The United States is a tasty market. These days, companies from countries with sturdier economies are mining the domestic market. Little footholds, smart functionality, intelligent pricing and good customer service go a long way.

The US HRTech market is significantly more sophisticated and ready to buy. Offshore vendors find the market to be easier to penetrate for just that reason. While customer acquisition costs are very high in the domestic market, they are higher still when the customers are not ready from a technical perspective.

Last week, I spoke with Stephane Le Viet, CEO of Multiposting, a 4M Euro company in the same business as eQuest, Arbita and other Job Ad Distribution companies. Le Viet, who is a seasoned player with experience at McKinsey and as an internet cinema entrepreneur. He exudes a kind of self-confidence that is often missing from the entrepreneurs in our space.
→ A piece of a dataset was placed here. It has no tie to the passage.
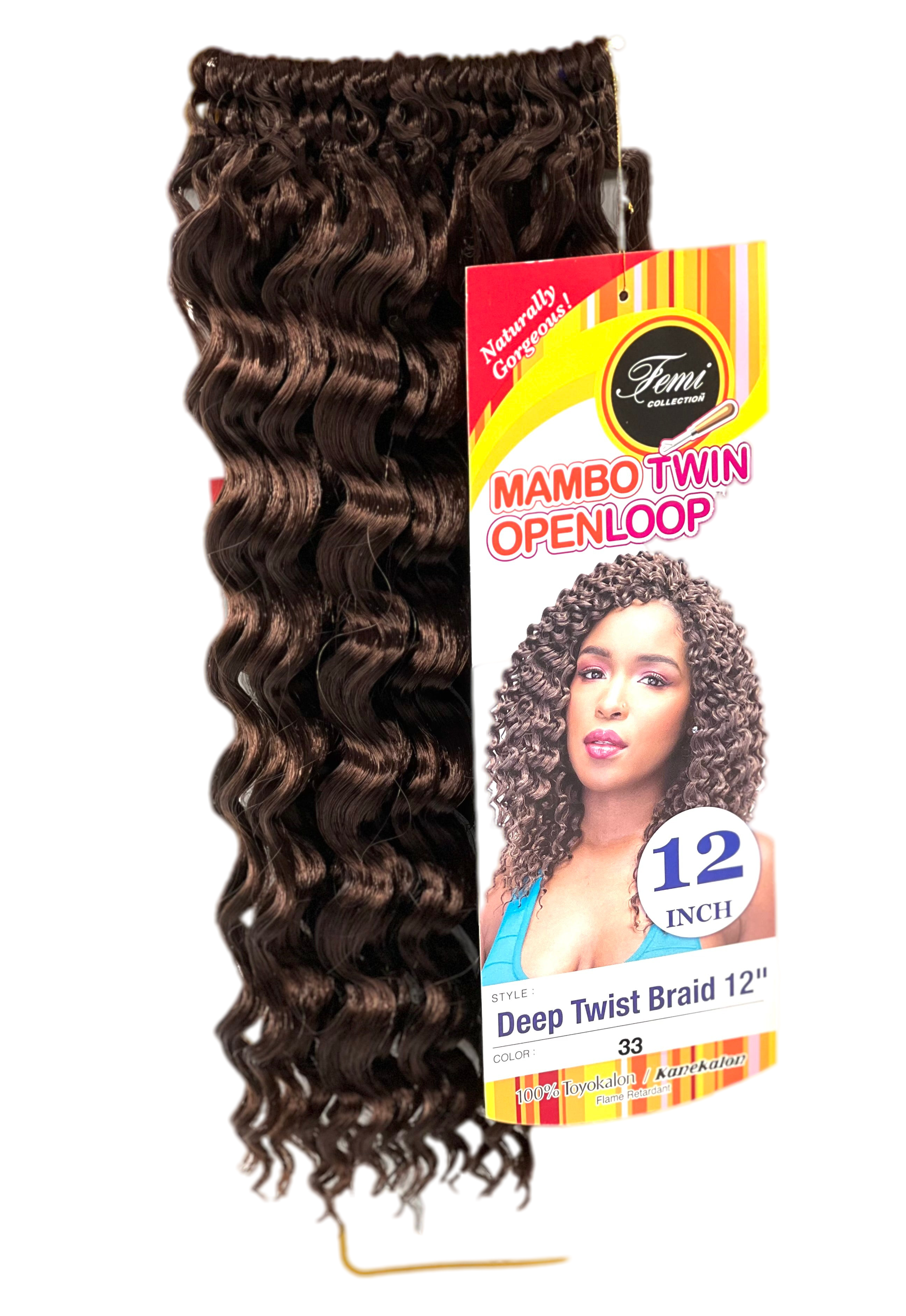 Femi Collection Mambo Twin Open Loop Deep Twist Braid 12 in, Color 33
Throughout our conversation, Stephane emphasized ‘the proper way to get things done’. At first, it was extremely off putting. Much of the contemporary view of the HR market is that there is no such thing. Our models in the HR industry are almost always about adaptation, innovation, improvisation and discovery through mistake making. The idea that there was a proper way to do anything was grating.

And then Le Viet showed me WorkFor Us. (TechCrunch covered it about 60 days ago) WorkForUs is the simplest and most proper of things.

You know all of that fuss about social Recruiting? You’ve got to admit that there’s a lot of fluff and not much substance. Everyone is so busy trying to figure out the meaning of life that they seem to have overlooked the simplest thing: a repeatable interface that stands in between a fan page and the ATS; a simple application process; the fundamental recruiting tool.

And that’s what you get with WorkForUs … a tool that properly solves one problem. It takes the people who want to apply for jobs on your Facebook Fan page and helps direct them through the process. For a modest fee per job, you can route job hunter traffic just as you’d like it.

Pricing runs from $9/month for 5 jobs to $499 for unlimited usage. (See the details here) It’s a proper and interesting project from Work4Labs.